犯罪被害者の法哲学

犯罪被害・刑罰・裁判員制度・いじめ・過労死などの問題について、法哲学(主に哲学)の視点から、考えたことを書いて参ります。

ある日の刑事弁護人の日記 その19

2013-07-29 23:10:34 | 国家・政治・刑罰

 私はこの仕事に就く前、裁判や弁護士が登場するテレビドラマが大好きだった。しかし、今ではほとんど楽しめなくなり、途中で見るのをやめることが増えた。所詮は作り物であるという寛容な心持ちよりも、現実離れして迫真性に欠けることのイライラが遥かに上回り、自分の仕事に支障が生じる恐れさえ出てきたからである。
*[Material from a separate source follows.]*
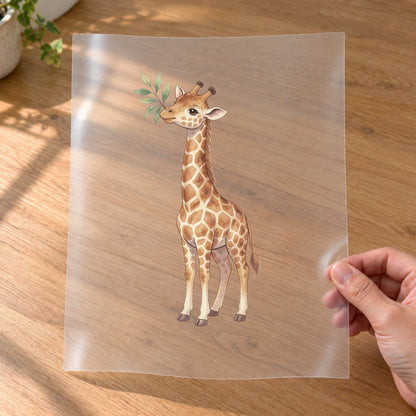 Bügelbild: Giraffe mit Blatt im Maul inkl. Anleitung – auf Transferfolie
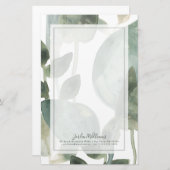 Wasser-Blätter - Watercolor Briefpapier (Vorne/Hinten)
 社会派のドラマは根本が真面目であり、強いメッセージ性を有している。そして、私が鼻に付くと感じたのは、この押し付けがましい正義であった。現実の紛争は利害が複雑に絡み合っており、その真ん中で神経を磨耗させているとき、明快なメッセージを発する余裕などない。また、ほんの数時間で結論が出るはずもない。
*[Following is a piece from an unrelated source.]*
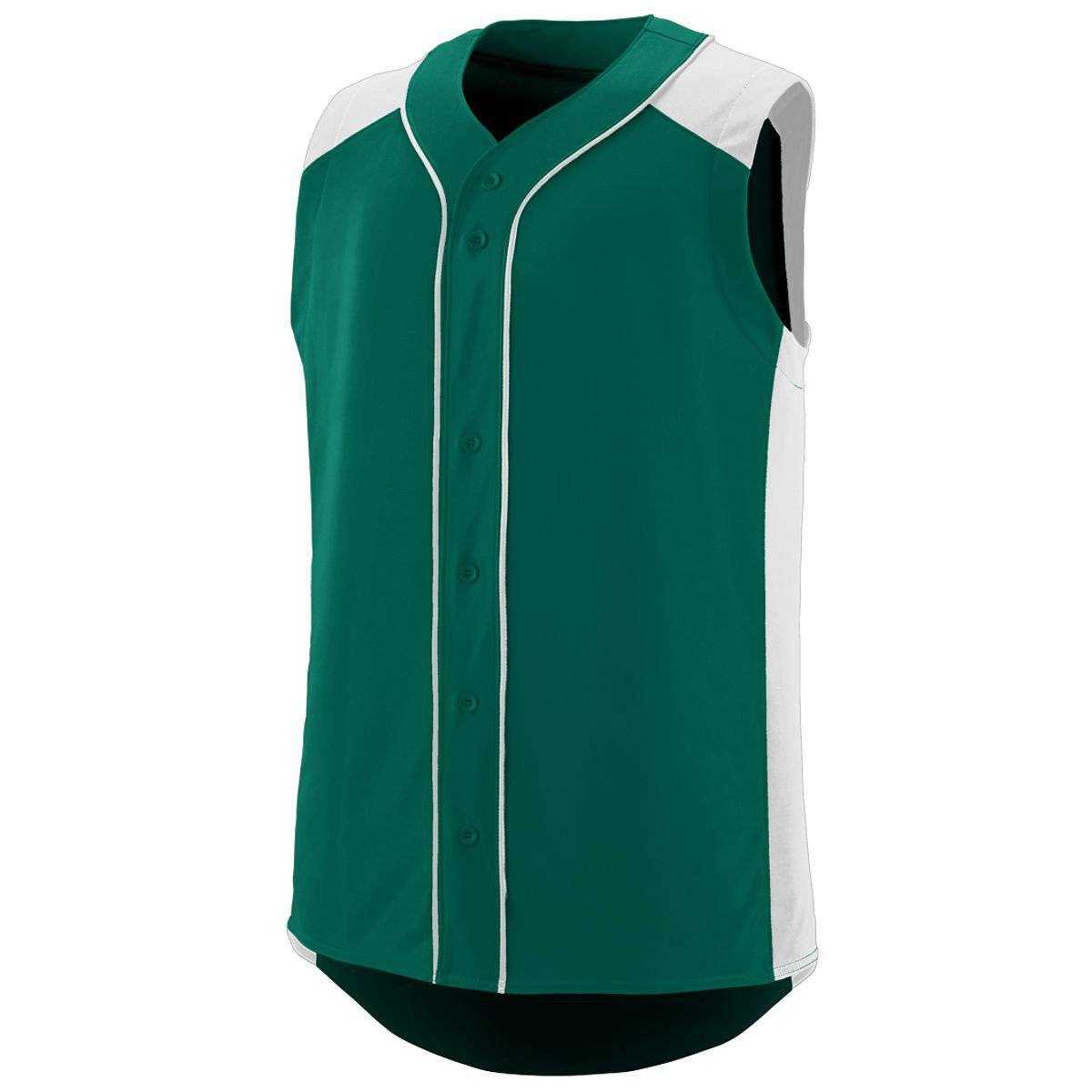 Augusta 1662 Sleeveless Slugger Jersey - Forest White - HIT a Double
 私が法律のドラマに望んでいたことは、私自身が全身で感じているような徒労感や脱力感を正確に描写してもらうことであった。しかし、これはドラマにならない。生産性がなく無意味だからである。制作者が視聴者に対して何らかの問題提起をし、あるべき理想を示すものだとすれば、機械的な現実はドラマとして取り上げられないのが道理である。
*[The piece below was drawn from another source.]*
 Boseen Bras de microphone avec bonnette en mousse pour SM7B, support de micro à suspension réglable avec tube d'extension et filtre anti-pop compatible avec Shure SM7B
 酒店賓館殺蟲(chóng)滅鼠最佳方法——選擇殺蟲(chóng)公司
 仕事に際して生じる出口のない苦悩は、「人はなぜ働くのか」「私は何のために何をしているのか」という問いに至る。ここにおいて、テレビドラマの中の登場人物の仕事は、あくまで俳優やタレントである。バラエティやコマーシャル、別のドラマに出ずっぱりの俳優に突然「弁護士です」と言われても、私にはどうしても弁護士に見えない。